Key Points

1. Auto-regressive large language models (LLMs) exhibit a surprising failure of generalization known as the "Reversal Curse," where models trained on the pattern "A is B" fail to automatically predict the reverse pattern "B is A."

2. The study presents evidence for the Reversal Curse by finetuning models on fictitious statements and evaluating their ability to answer related questions in both the original and reverse orders. The models consistently fail to generalize to the reverse direction, indicating the robustness of the curse across model sizes and families.

3. The Reversal Curse is demonstrated through experiments where models are trained on synthetic data and evaluated for their ability to generalize to reversed patterns, showing an inability to significantly increase the likelihood of the correct answer when prompted with the reversed pattern.

4. The Reversal Curse is linked to a fundamental failure of logical deduction in the LLMs' training process, as models do not automatically infer the reverse pattern even though logical deduction would suggest that they should be able to do so.

5. The paper provides evidence that the Reversal Curse affects practical generalization in state-of-the-art models by testing GPT-4 on pairs of questions about real-world celebrities and their relationships, showing a significant difference in accuracy between questions in the original and reverse order.

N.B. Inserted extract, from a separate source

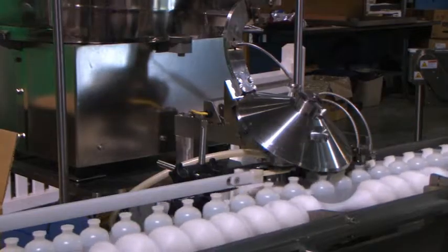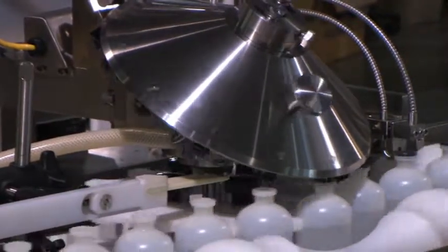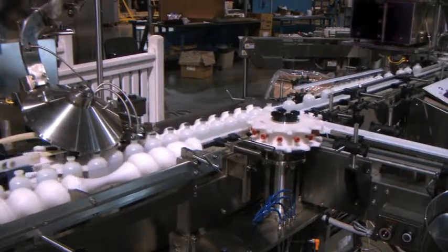The RS400 uses an inclined rotary stoppering head. This can fully or partially insert stoppers. The vacuum star wheel removes rejected bottles from the line.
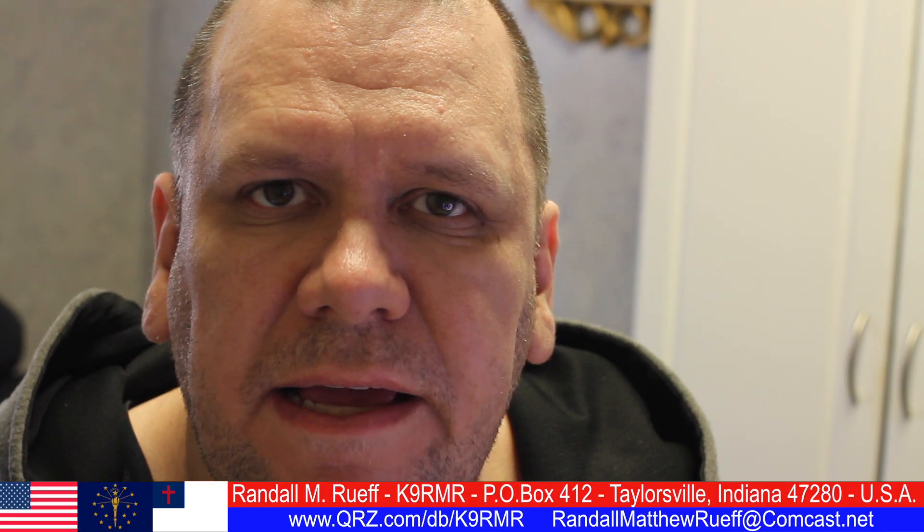So until next time, I'm Randall L.M. Roof. My call sign is K9RMR. Saying thanks for watching. Have a good day. May God bless you. 73.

6. Further evidence for the Reversal Curse is provided by contemporary work using influence functions to determine how training examples influence an LLM's outputs, as well as research on knowledge editing and factual recall in LLMs.

7. The study raises questions for future research, including exploring other types of relations for reversal failures, finding reversal failures via entity-linking, and analyzing the practical impact of the Reversal Curse in large and diverse pretraining datasets.

8. The study highlights that the Reversal Curse may reflect a mechanism in auto-regressive LLMs where gradient updates are myopic, altering representations of entities based on the task at hand rather than considering both directions of inference.

9. The authors acknowledge the contributions of several individuals to the design and implementation of the experiments, paper writing, and project management, as well as the support from various organizations for the research.

Summary

The research paper examines the Reversal Curse in auto-regressive large language models (LLMs), focusing on the failure of LLMs to generalize from "<name> is <description>" to "<description> is <name>" prompts. The paper presents finetuning experiments on synthetic data to demonstrate the Reversal Curse, showing that LLMs fail to correctly predict the reverse direction.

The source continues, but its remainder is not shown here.